From: Alfred M. Szmidt
Subject: Re: Confused about LGPL terms - can you help?
Date: Wed, 8 Nov 2006 14:53:40 +0100 (CET)

   If I understand the spirit of LGPL correctly (as laid out in its
   preamble), its aim is to facilitate the use of open-source
   libraries even in commercial products, without loosing its
   open-source property.

Both the GPL and LGPL can be used with commercial productes.  Not
being able to charge a fee for distribution of a work will infact make
the license a non-free software license.

The point of the Lesser GPL is to allow libraries that are licensed
under the LGPL to allow non-free programs to use them.

   ---------- START QUOTE ---------
   Can I use LAME in my commercial program?

   Yes, you can, under the restrictions of the LGPL.  The easiest way
   to do this is to:

Even under the restriction of the GPL (since the LGPL allows you to
opt the GPL, section 3), or any free software license.

   1. Link to LAME as separate library (libmp3lame.a on unix or
      lame_enc.dll on windows)

You can link any program, even non-free ones to LAME if it is under
the LGPL.

   2. Fully acknowledge that you are using LAME, and give a link to
      our web site,

   3. If you make modifications to LAME, you *must* release these
      these modifications back to the LAME project, under the LGPL.

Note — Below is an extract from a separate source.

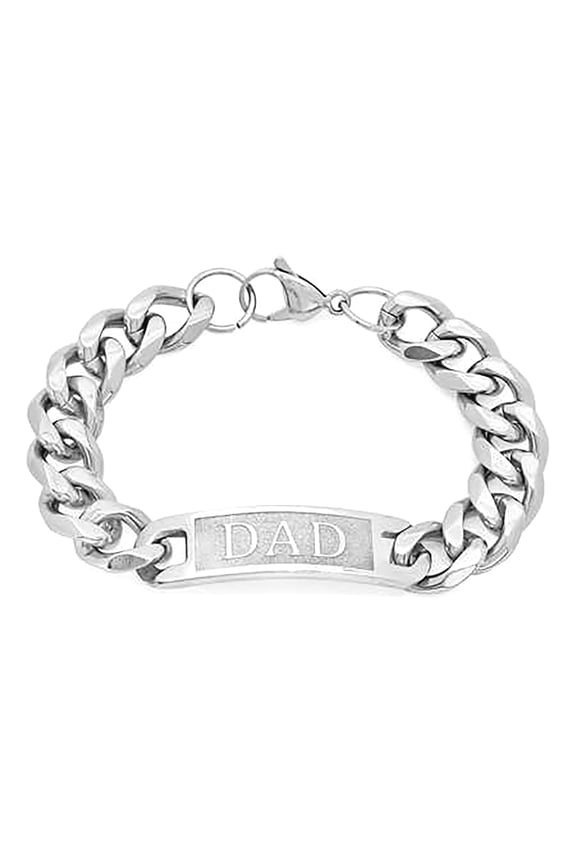Stainless Steel Mens Comfort Curb Link Dad ID Bracelet Identification Bracelet for Men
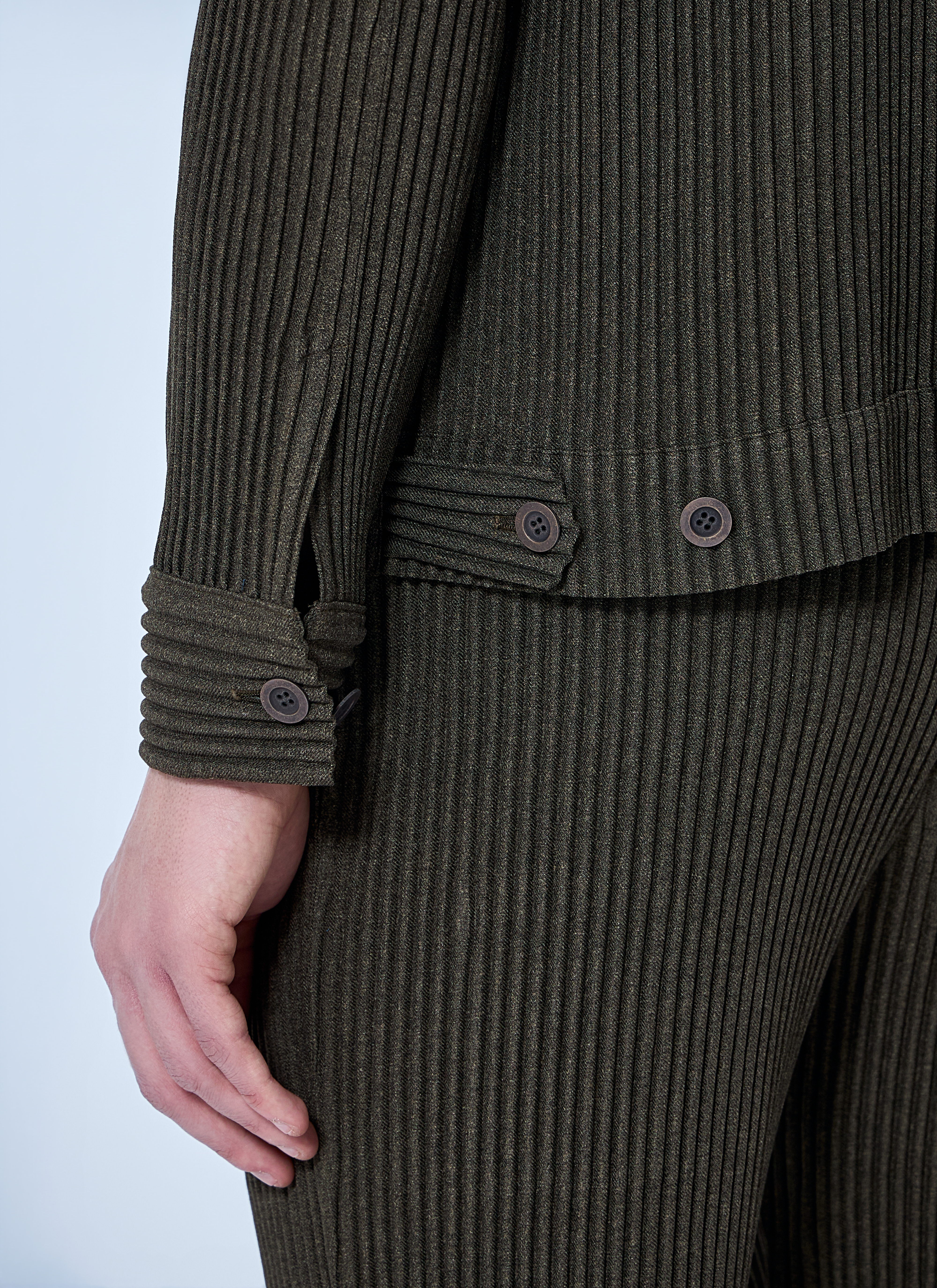 Homme Plissé Issey Miyake Men's' Pleated Jacket in Khaki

This is more or less correct.

   That is, if:

   1. I link to the library *dynamically* and

   2. I *do not modify* the library in any way and

   3. I fully acknowledge that I am using that library

   4. I include the library (in a DLL form) in the installation
      package (as a separate file), while offering the source code to
      that library (only), but not offering the source code to my own
      program (which calls the library)

   Do I comply with the LGPL license?